DEV Community

benank
benank

Posted on

Realtime Pose Comparison With TensorFlow.js

The Challenge

I'm creating a dance game in the browser that uses TensorFlow.js (also referred to as MoveNet, which is the model used) to analyze a person's movements and will compare those movements to those of the song that they're dancing to.

In the previous blog posts, I outlined a general plan and talked about how to use YouTube videos with TensorFlow.js. Now that we've got the video, we'll need to compare each frame of it with the webcam stream from the user, all in realtime. This way, the user can see how well they're doing at any given time as they play the song.

How do we compare the poses and dance moves between one person and another? How do we account for different body shapes and sizes?

The Plan

When you analyze an image (or frame of a video in my case), TensorFlow.js returns some data that looks a little like this:

    "keypoints": [
        {
            "y": 95.41931572589485,
            "x": 289.713457280619,
            "score": 0.8507946133613586,
            "name": "nose"
        },
        {
            "y": 87.39720528471378,
            "x": 299.0246599912063,
            "score": 0.8859434723854065,
            "name": "left_eye"
        },
        {
            "y": 89.00106838638418,
            "x": 279.21988732828237,
            "score": 0.7947761416435242,
            "name": "right_eye"
        },
        ... (and more, 17 keypoints total)
Enter fullscreen mode Exit fullscreen mode

Each keypoint has an x and y position (where the keypoint is on the screen), score (how confident TFJS is that this keypoint is correct), and name (label for the keypoint).

Here is a diagram of all the keypoints on a human model (indices are simply the order of the keypoints returned):

Keypoint diagram
(More detailed info here about the keypoint diagram)

This is all the information we get from TensorFlow.js, and we need to somehow use this data to fit our needs. We are going to get two sets of this type of data: one for the dance video that we need to match, and one for our live webcam feed.

We need to give the player a score to tell them how we'll they're doing using this data. How can we take raw 2D positional data and turn it into something useful? And after we turn it into something useful, how can we determine how well a person is performing the correct dance move?

Initial Thoughts

These were my initial, unsorted thoughts:

Base the keypoint data positions on a center, average position in the middle of the chest. This way, when the person moves, the keypoints will move with them, and thus, the keypoints will stay still. By applying this to the live keypoint data, both will be in a somewhat normalized space.
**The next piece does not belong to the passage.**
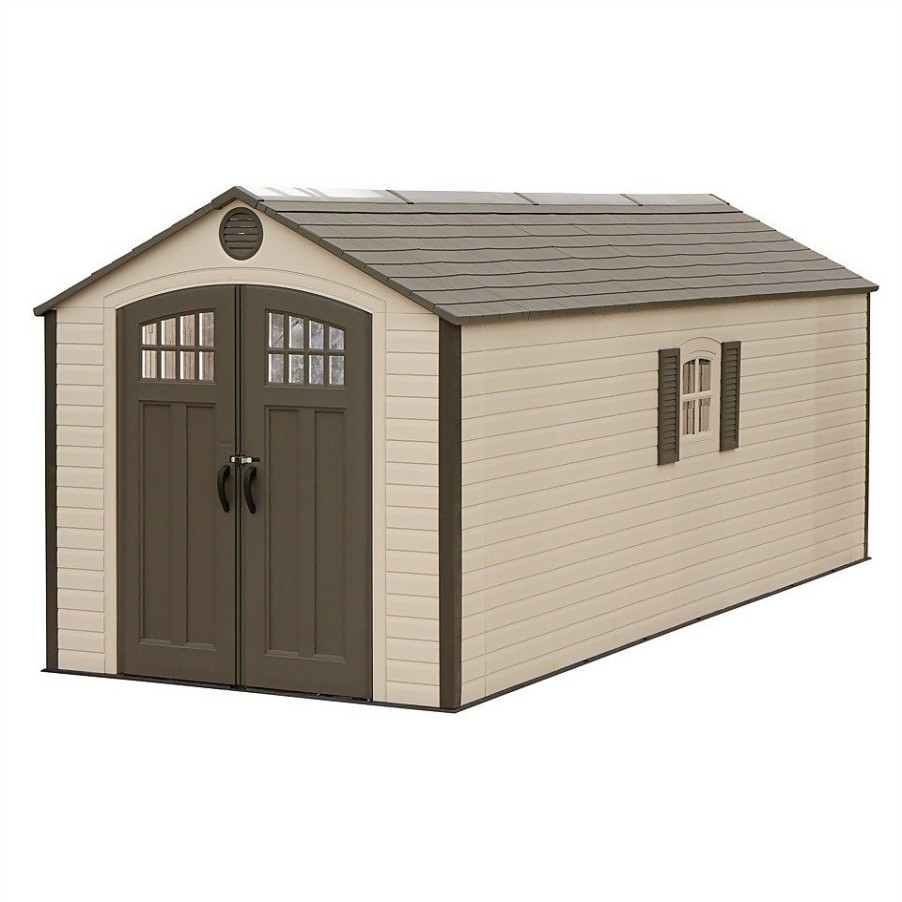 Homebase Garden Sheds | Lifetime 8 X 20Ft Outdoor Storage Shed - Installation Included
Next up is the problem of seeing how well the keypoint data sets match.

A person might be taller or shorter or have different body size or limb proportions than the dancer in the video, so how do we scale/transform them to match? It needs to be a connection/limb based scaling/transformation, because simply scaling someone on the y axis down won't always work. Someone might have a long torso and short arms, or a short torso and long arms. These need to be taken into account, so we need to transform the distances between each of the keypoints.

We will need to get measurements of a person before they begin. We'll have them do a T-pose and record the measurements of each limb.
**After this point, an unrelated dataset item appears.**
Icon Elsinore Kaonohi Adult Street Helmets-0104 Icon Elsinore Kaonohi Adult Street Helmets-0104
But how can we get the measurements of the dancer that they are following in the video? That dancer isn't going to T-pose for you.

During the analysis of the dance with TFJS, we could also record the maximum length of each limb/connection. We use the maximum instead of an average because a person can't stretch past their maximum limb length - that's just their limb length.

Now that we have corresponding limb lengths of both dancers, how do we transform one to "fit" the other?

We need to scale each limb along its axis, taking all other connected points with it.

For example, if one dancer's shoulders are farther apart than the dancer we are comparing to, we need to shift those shoulders closer together. Shifting these shoulders closer together will also cause the arms to shift in closer, because otherwise we would have really long arms. And shifting the arms is shifting multiple, connected keypoints.

The General Plan

First, record the dance video keypoint data:

  1. Run the video through MoveNet and record all keypoint data at each frame in the video.
  2. Run this data through a filter to make each keypoint position based on the average chest position at that point.
  3. Convert keypoint positions and limb lengths from pixel values to another unit that's not based on how many pixels they take up. We can take the body length (torso length + leg length) and divide everything by it to get all measurements relative to the body length. For example, shoulder-to-elbow length might be 0.2 BLU, or body-length-units. The torso itself might be closer to 0.4 BLU.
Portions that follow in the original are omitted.